Meet the new track, same as the old track …
The track is maybe a bit further offshore from Florida – and as noted with this storm, every bit helps. Damage estimates in Florida dropped by half (from $8 to $4 Billion) with this forecast. But, as NHC correctly notes, an equally small shift back would bring hurricane force winds over inland areas and the impacts would double or more again. Hurricane watches have been extended further north, but that’s just because there is the potential for hurricane force winds within 48 hours. Nothing to freak out about that these watches are changing to warnings – nothing has changed in terms of the forecast or potential impacts.

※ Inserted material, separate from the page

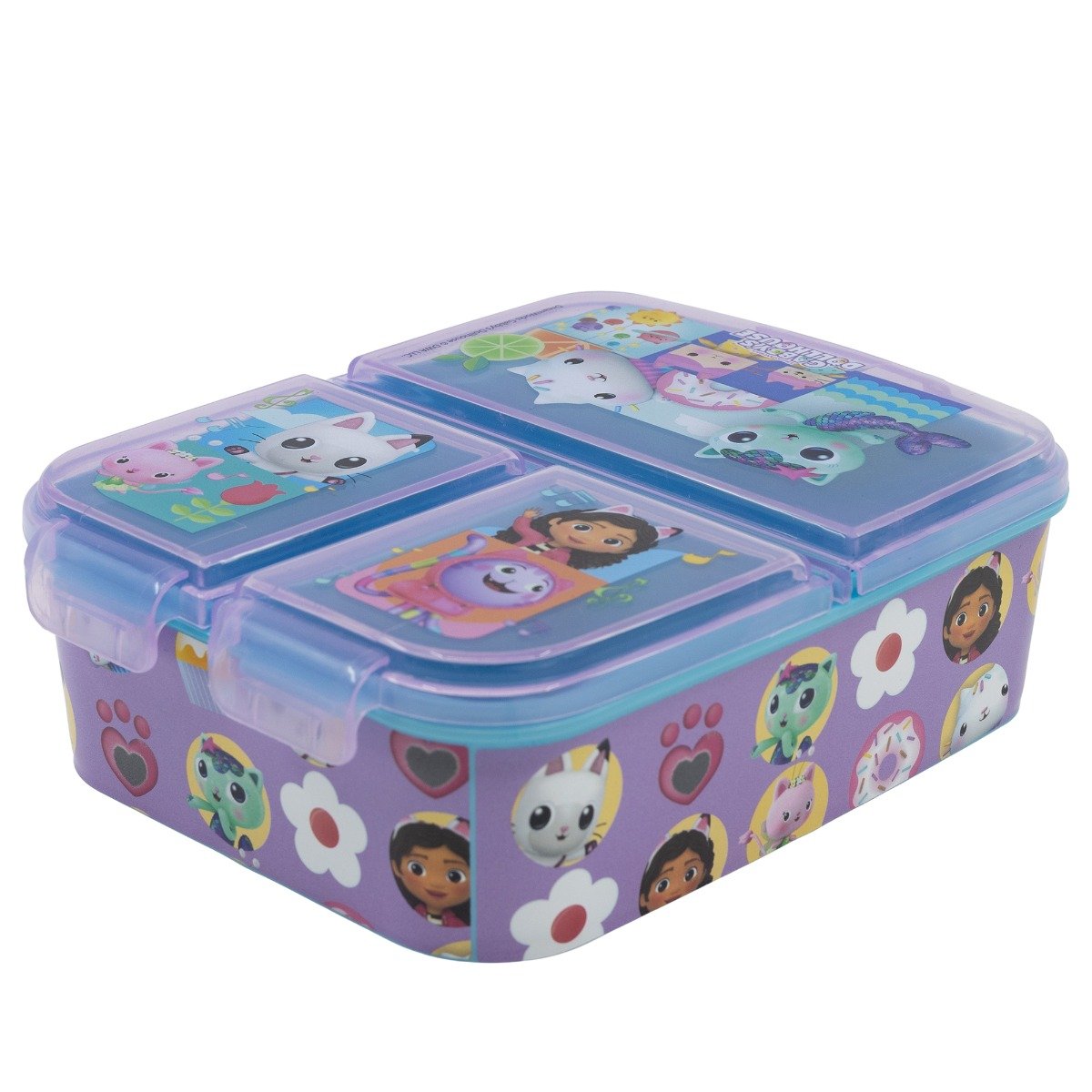 Caserola pentru pranz cu 3 compartimente, Gabby Dollhouse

Given this, nothing has changed from the earlier posts. The slow drift should end this evening and the storm will start moving again. Once it does we will be able get a better handle on the impacts to northern Florida, GA, SC, and later potentially NC.
For the Georgia coast, we’re still expecting storm surges of around 3 feet above the normal tide levels. For comparison, a couple feet higher then the high tides over the weekend – but short of the peaks seen in the last two last years. That’s around 11 feet at the Fort Pulaski Gauge (or 3 feet above the normal high tide line). If you are on the coast and saw flooding in Matthew or Irma, hopefully it won’t be that bad, but smart to plan on those levels given the prolonged onshore winds. Winds are still expected to be tropical storm force right on the water, and lesser (but gustier) inland, so that’s branches breaking, a few trees down, power outages, mostly confined to the coast, so nothing catastrophic. Again, that’s the most *likely* outcome based on the forecast track. For planning and safety purposes, use good judgement.